Contexto do caso e próximos passos

Os requerentes representam menos de 13% das cerca de 128 mil pessoas envolvidas no esquema da empresa chinesa Tianjin Lantian Gerui Electronic Technology Co. Ltd. A contagem final pode mudar conforme a remoção de duplicidades. Uma audiência em julho decidirá qual lei será aplicada às reivindicações: chinesa ou inglesa.

A definição terá impacto sobre o tratamento dos investidores. Virá como credores sem garantia ou como proprietários de parte dos bitcoins, cuja valorização desde a apreensão tem sido significativa. O caso equilibra questões transnacionais de direito penal e de propriedade.

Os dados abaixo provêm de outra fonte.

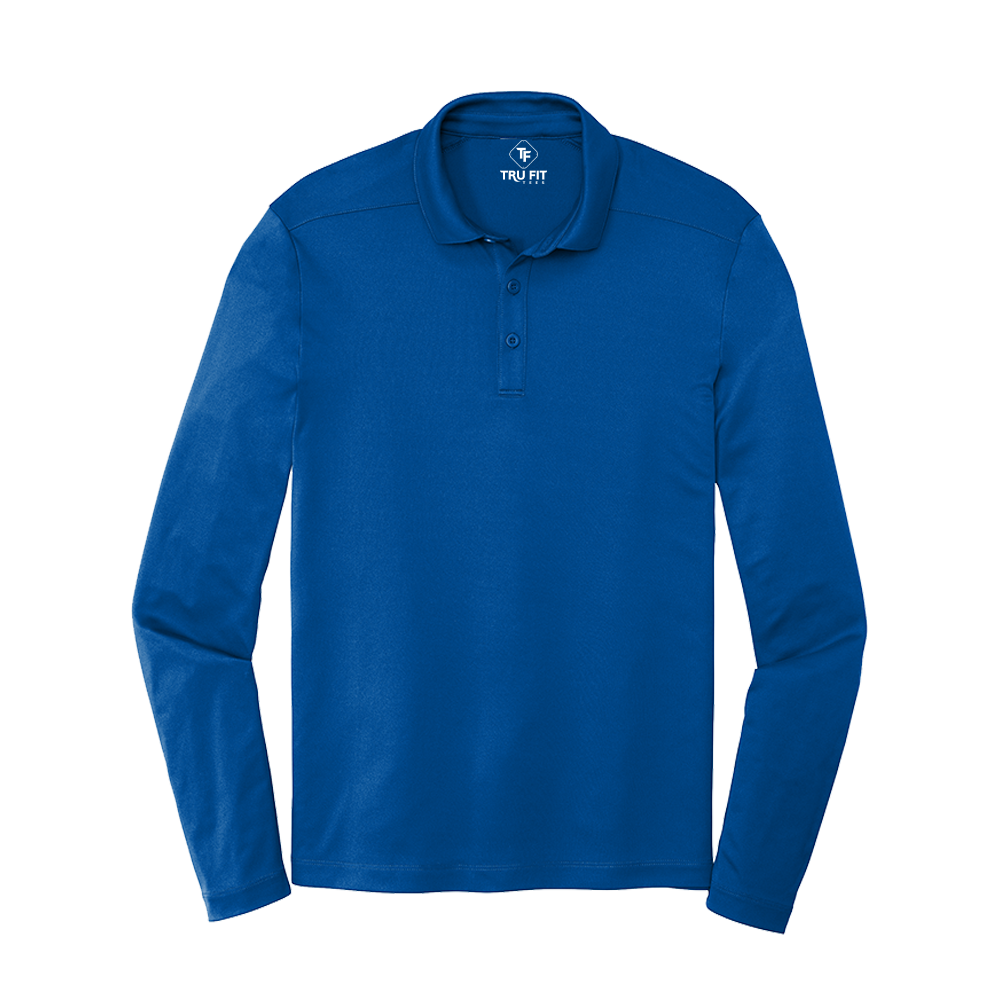 
                  
                    TruFit Active Performance Polo Long Sleeve - S / True Royal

Origem e desdobramentos legais

O golpe ocorreu entre 2014 e 2017, liderado por Qian Zhimin por meio da Lantian Gerui. A empresa captou mais de US$ 5,9 bilhões de quase 130 mil investidores antes de entrar em colapso. Em 2025, Qian foi condenado no Reino Unido a 11 anos e 8 meses de prisão por uma operação de lavagem de dinheiro com bitcoins.

O desfecho das reivindicações pode estabelecer jurisprudência sobre a aplicação de leis estrangeiras a ativos apreendidos. A decisão também influenciará o tratamento de outros ativos virtuais em investigações internacionais envolvendo fraude de grande escala.